Entries taken from a collection
== Segment start ==
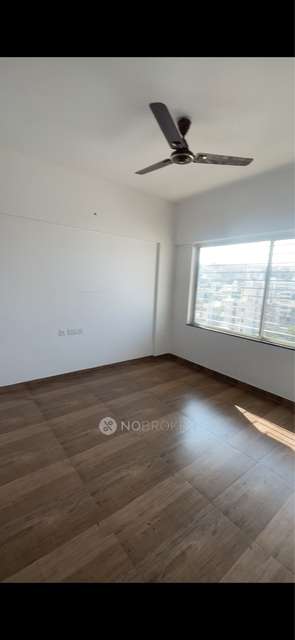 Shared Room for Female In 2 BHK  In Kolte Patil Three Jewels In Katraj - Kondhwa Road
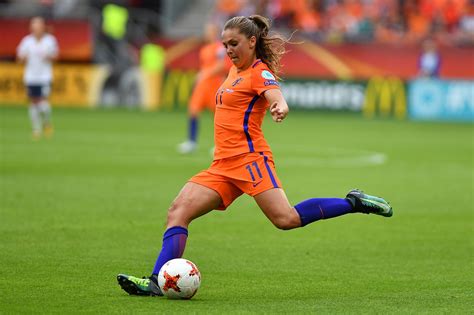 lieke martens voetbal.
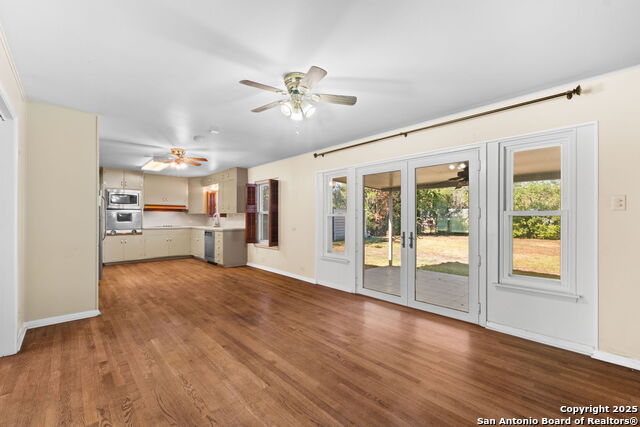 Image 9 of 26 For 411 Cave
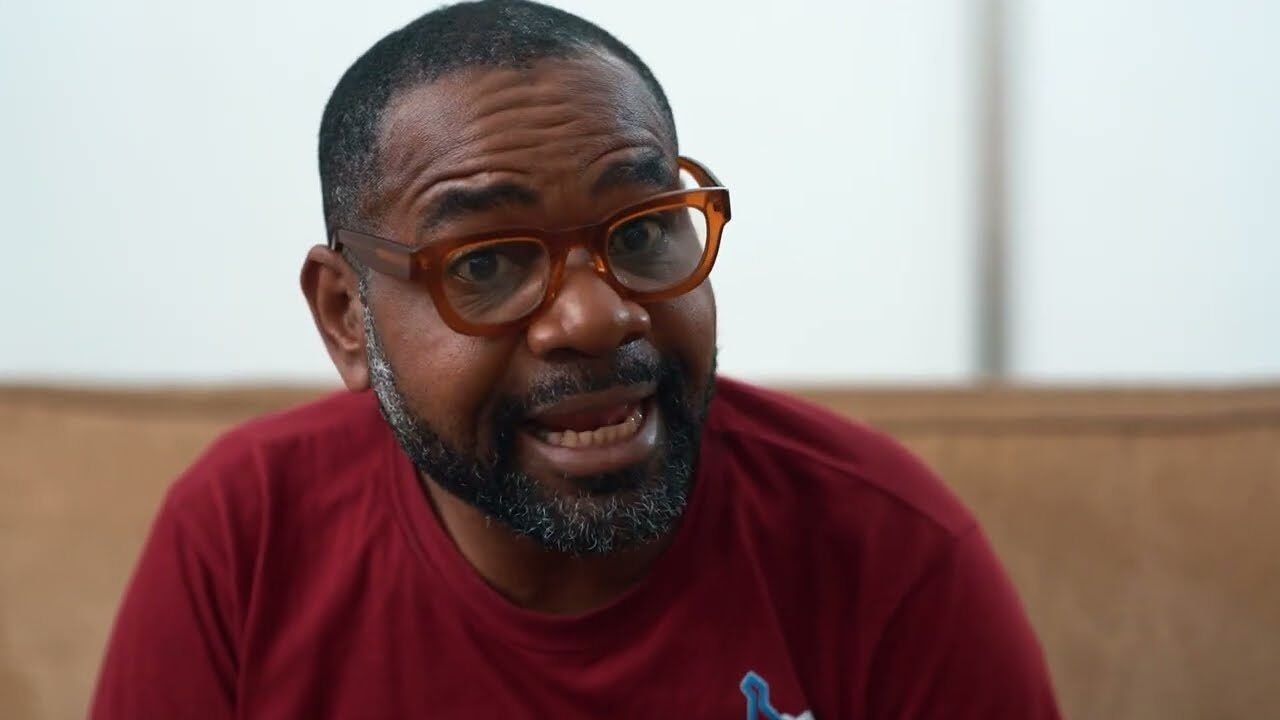 LOVE CLINIC EP 3 (REALO ACK) / Sa femme fouille dans son téléphone, que doit-il faire ?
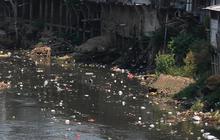 FOTO: Dulu Meluap hingga Membanjiri Ibu Kota, Kini Kondisi Aliran Kali Ciliwung Menyusut dan Menghitam Akibat Banyak Sampah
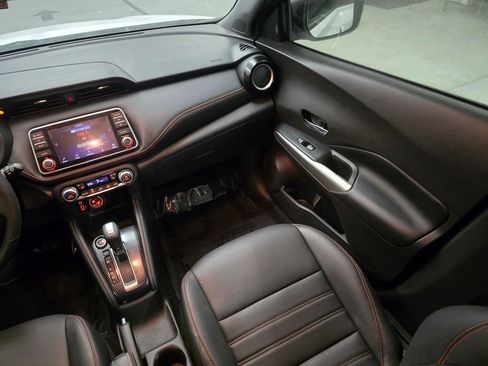 Used 2020 Nissan Kicks SR w/ SR Premium Package image 34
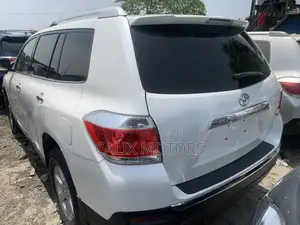 Toyota Highlander 2012 White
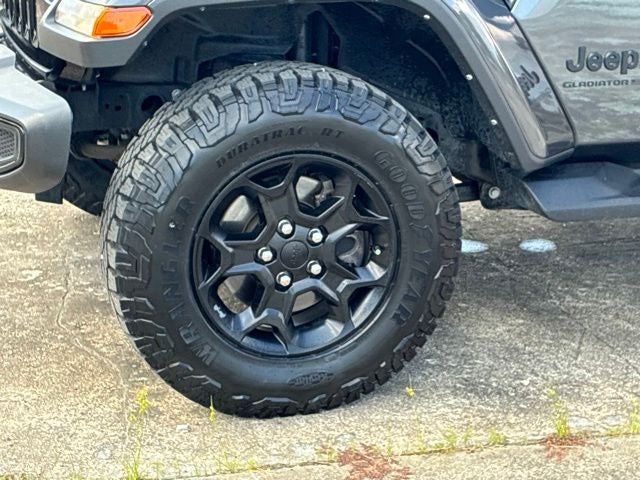 2023 Jeep Gladiator WILLYS Crew Cab Pickup Slide 10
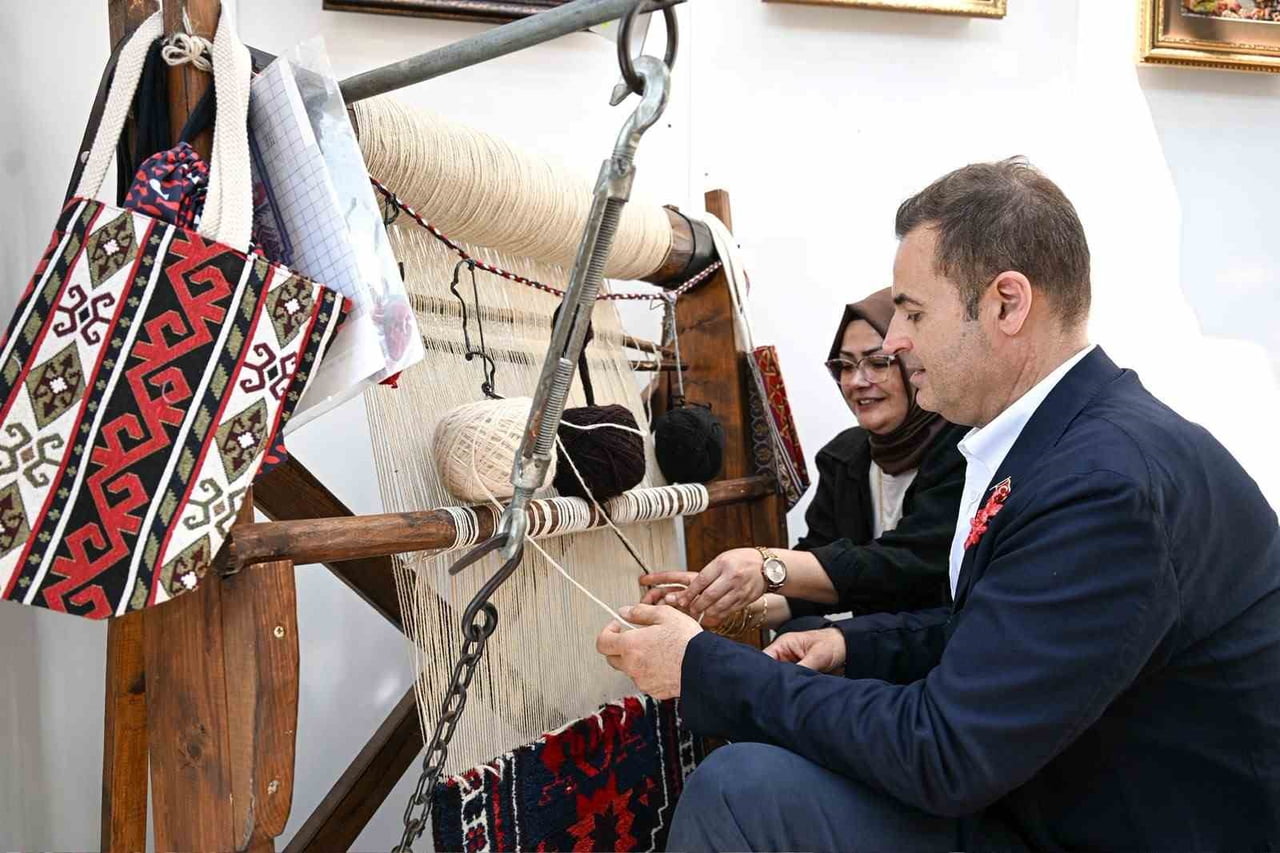 BALMEK'İN "BİR ŞEHİR, BİN EMEK" YIL SONU SERGİSİNDE KONUŞAN BALIKESİR BÜYÜKŞEHİR BELEDİYE BAŞKANI...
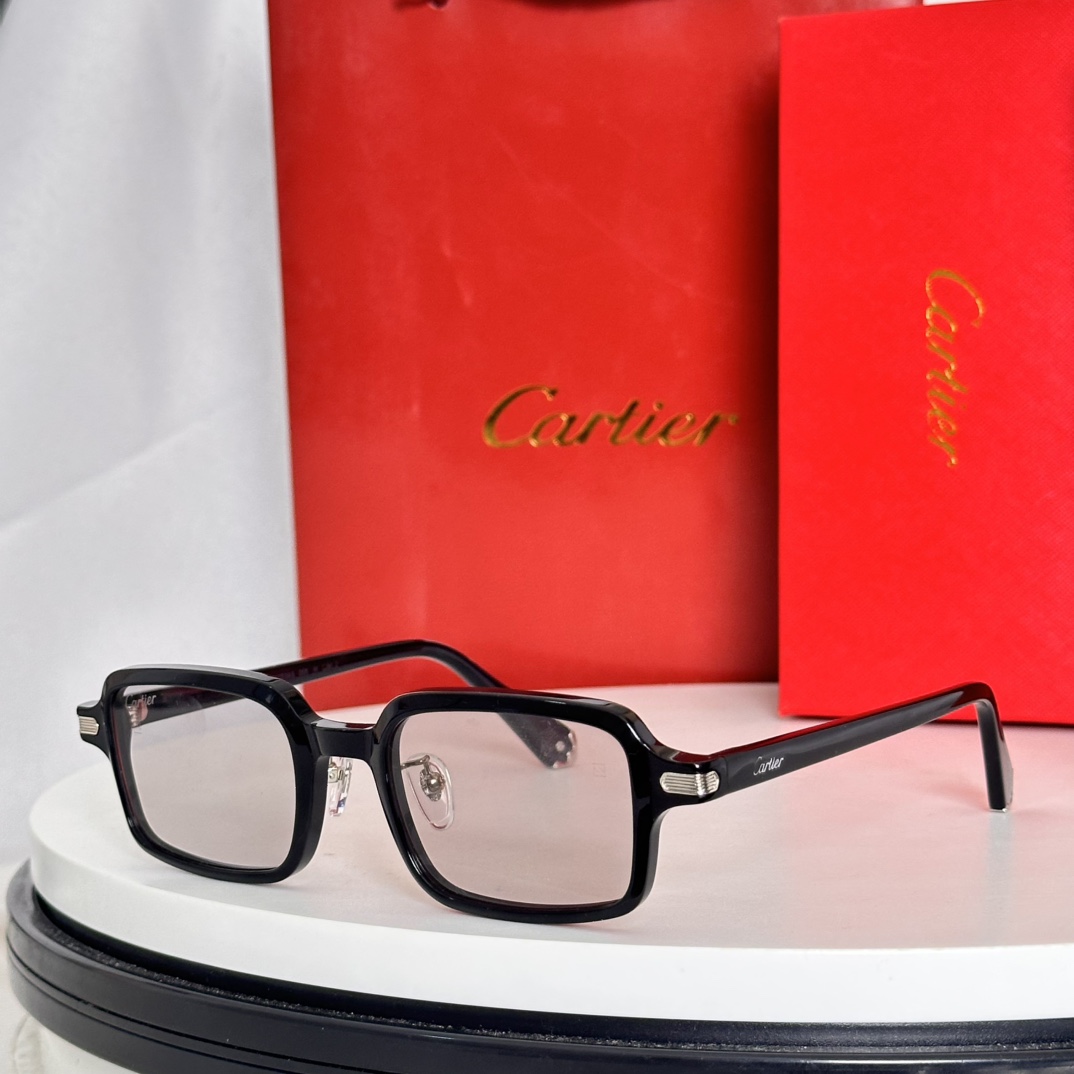  ‼️卡地亚 𝑪𝒂𝒓𝒕𝒊𝒆𝒓 Première系列
MOD：CT0539S
高电镀 升级蔡司镜片
siz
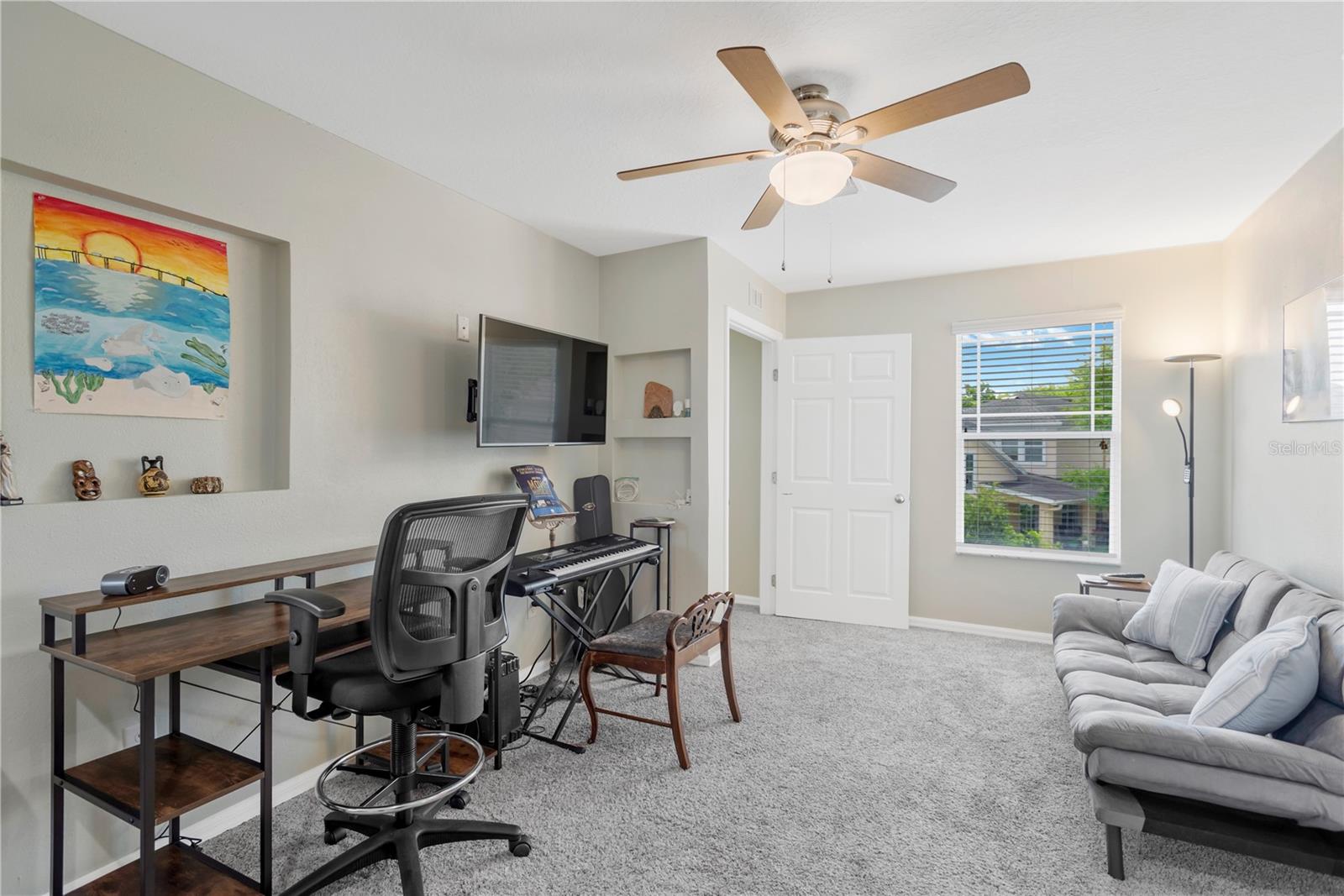 FISHHAWK RANCH TOWNCENTER PHAS - Residential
== Segment end ==
▶ Problem to work on:
A verbatim copy of the records above, without pictures, is required.

▶ Exercise answer:
 Shared Room for Female In 2 BHK  In Kolte Patil Three Jewels In Katraj - Kondhwa Road
 lieke martens voetbal.
 Image 9 of 26 For 411 Cave
 LOVE CLINIC EP 3 (REALO ACK) / Sa femme fouille dans son téléphone, que doit-il faire ?
 FOTO: Dulu Meluap hingga Membanjiri Ibu Kota, Kini Kondisi Aliran Kali Ciliwung Menyusut dan Menghitam Akibat Banyak Sampah
 Used 2020 Nissan Kicks SR w/ SR Premium Package image 34
 Toyota Highlander 2012 White
 2023 Jeep Gladiator WILLYS Crew Cab Pickup Slide 10
 BALMEK'İN "BİR ŞEHİR, BİN EMEK" YIL SONU SERGİSİNDE KONUŞAN BALIKESİR BÜYÜKŞEHİR BELEDİYE BAŞKANI...
  ‼️卡地亚 𝑪𝒂𝒓𝒕𝒊𝒆𝒓 Première系列
MOD：CT0539S
高电镀 升级蔡司镜片
siz
 FISHHAWK RANCH TOWNCENTER PHAS - Residential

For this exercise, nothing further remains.